Panel OKs ban on phone fees
SACRAMENTO — California’s four biggest telephone companies Tuesday couldn’t convince a key legislative committee that they should be allowed to charge consumers for unlisted numbers.
Members of the state Senate Energy, Utilities and Communications Committee cast a bipartisan 5-0 vote for a bill by Sen. Sheila Kuehl (D-Santa Monica) that would prohibit traditional, wired phone systems from collecting fees to keep numbers out of phone books and directory assistance.
Such charges have been unregulated for the last year and run as high as $1.99 a month. About 40% of California’s 12 million, nonmobile phone users have unlisted numbers.
Privacy advocates argued that the state constitution guarantees that certain personal information be kept private. “It’s dead wrong for phone companies to profit from their constitutional right to privacy,” said Mark Toney, executive director of the Utility Reform Network, a San Francisco-based consumer group.
AT&T;, the state’s largest carrier with about 8 million residential lines, recently raised its unlisted number rates 346% to $1.25 a month from 28 cents.
“There’s every indication” that AT&T; and other companies will continue to raise prices if not prohibited by law, Kuehl said. She pointed out that all cellular phone numbers are unlisted at no charge to network subscribers.
Representatives of the four phone companies countered that lawmakers shouldn’t tinker with the prices for their services, which have been set in a competitive marketplace since the California Public Utilities Commission deregulated fixed-line companies’ rates.

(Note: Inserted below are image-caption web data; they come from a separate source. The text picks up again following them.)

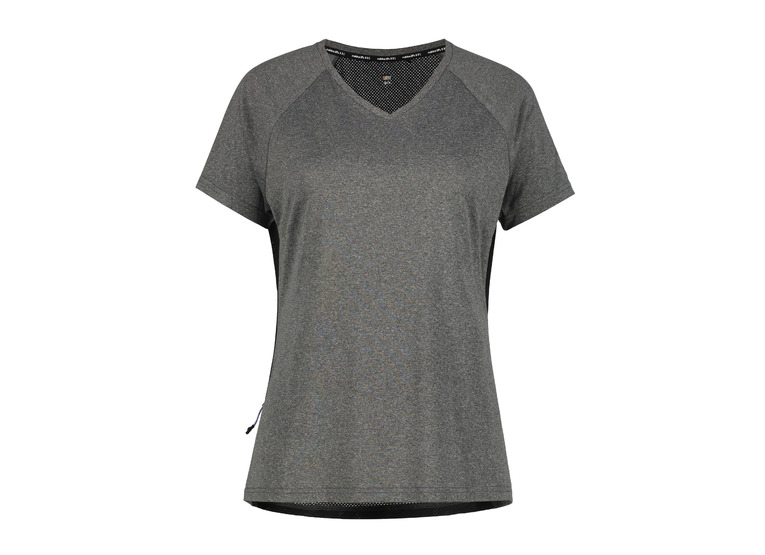 Rukka Magnula T-shirt grijs/zwart dames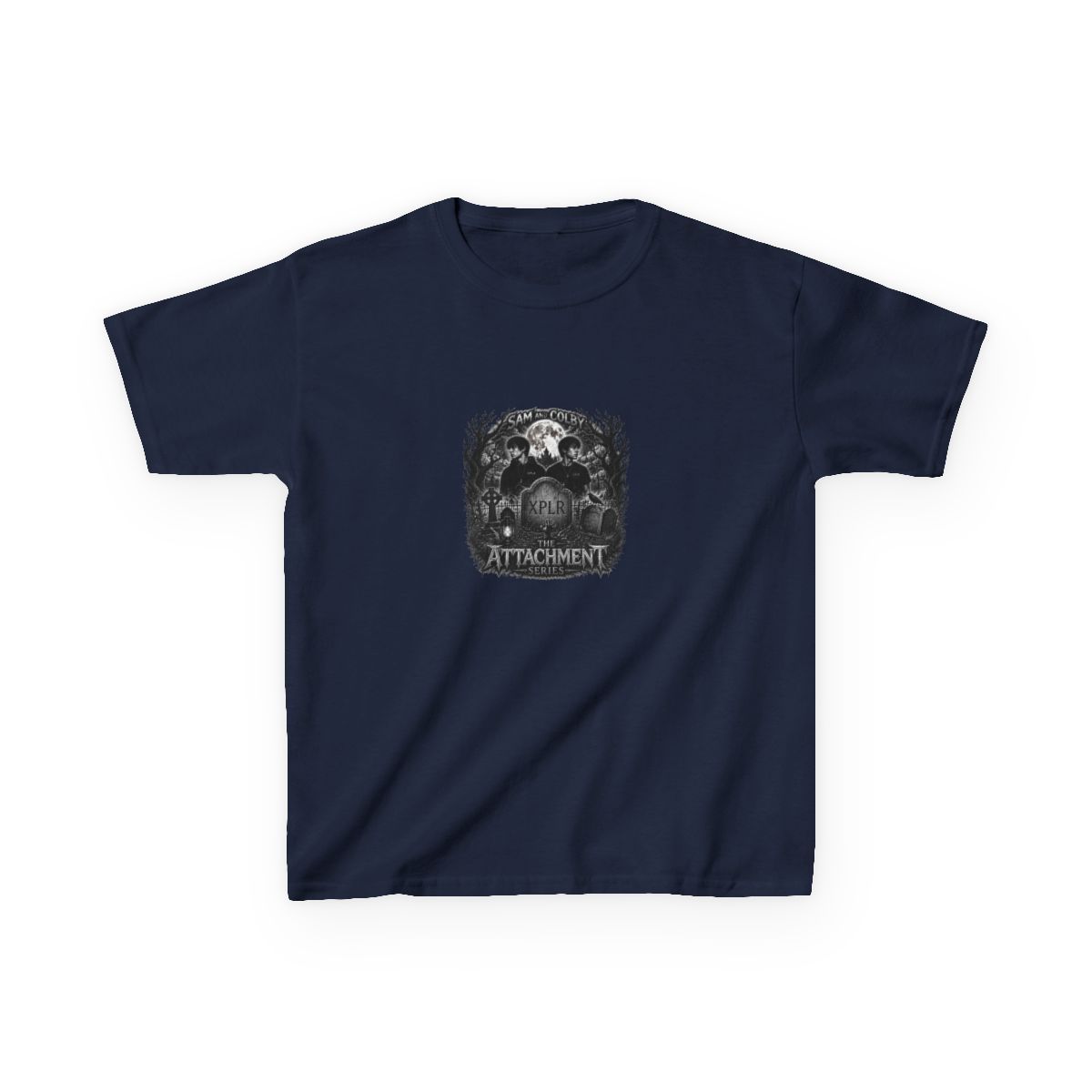 Sam and Colby "The Attachment Series" Unisex Kids Tee - alternate angle 5, merchandise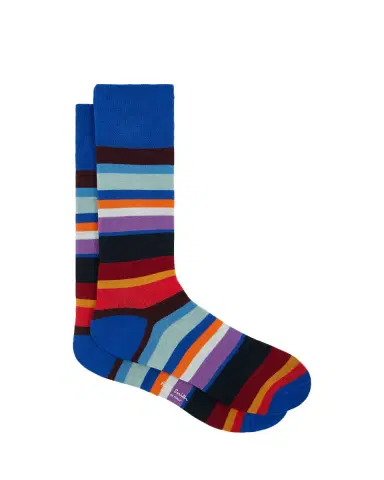Paul Smith Men's Marek Color-Block Cotton Crew Socks | Thumbnail 4 Paul Smith Men's Marek Color-Block Cotton Crew Socks | Thumbnail 4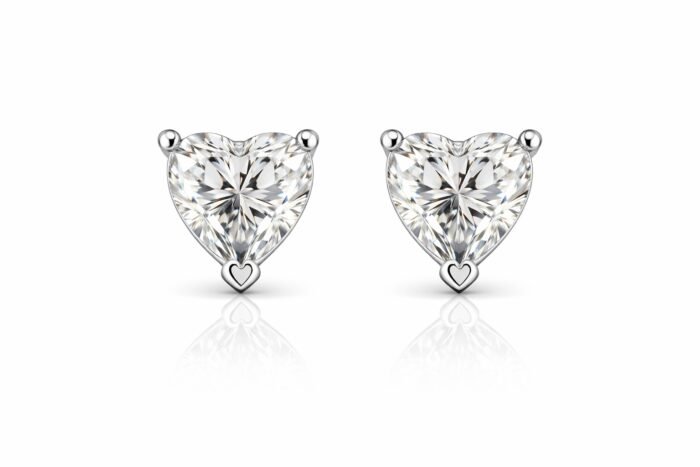 Kolczyki Amore Crystal  - Silver
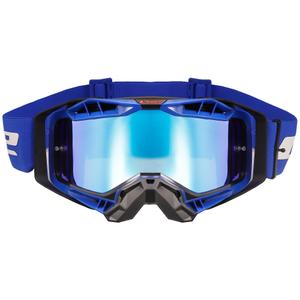 Motokrosa brilles LS2 Aura PRO black-blue iridium plexi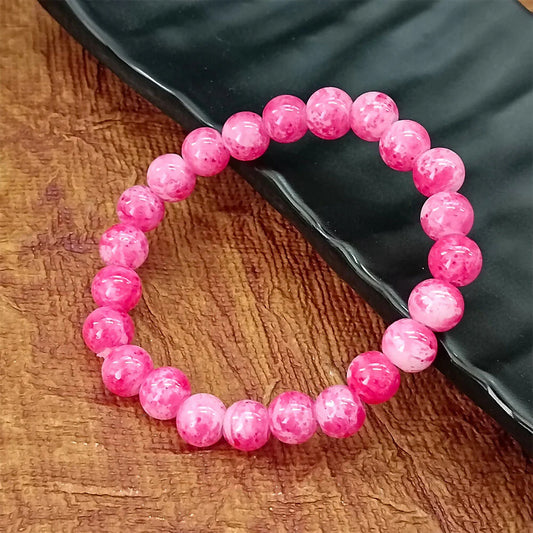 Pink Glass Beads Bracelet – Lightweight & Elegant Jewelry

“I’ve not heard any significant complaints about the current system,” Bill Devine, an AT&T; vice president, told the committee.
Passage of the Kuehl bill, SB1423, could cost AT&T; about $50 million in lost annual revenue, according to an analysis of the bill by Senate committee staff. The bill now goes to the Senate floor for consideration and, if it passes, then on to the Assembly.
Kelly Boyd, a lobbyist for SureWest Communications and Citizens Communications Co., two smaller companies that operate in parts of Northern California, said her clients depended on fees on unlisted numbers to make up for revenue lost by cutting rates for other services.
Phone companies incur costs for segregating unlisted numbers from listed ones in computerized records, Boyd said.
But state Sen. Dave Cox, a Republican from the Sacramento suburb of Fair Oaks, said the phone companies failed to “persuade me that it costs $1.75 a month for an unlisted telephone number.”
Competition, if allowed to operate unfettered, should eventually bring prices down for all services, contended Syrus Devers, a lobbyist for Verizon Communications Inc., the state’s second-largest traditional phone network. “Some companies are charging more and some less,” he said.
But, under deregulation, prices mostly seem to be going up, Kuehl said. In addition to fees for unlisted numbers, monthly charges for residential directory assistance and local toll calls have jumped substantially, the Senate committee analysis said.
Fees for basic telephone service probably will increase in January, when a legislative freeze expires. “They are only competing in an upward spiral by how much they can raise their prices,” Kuehl said.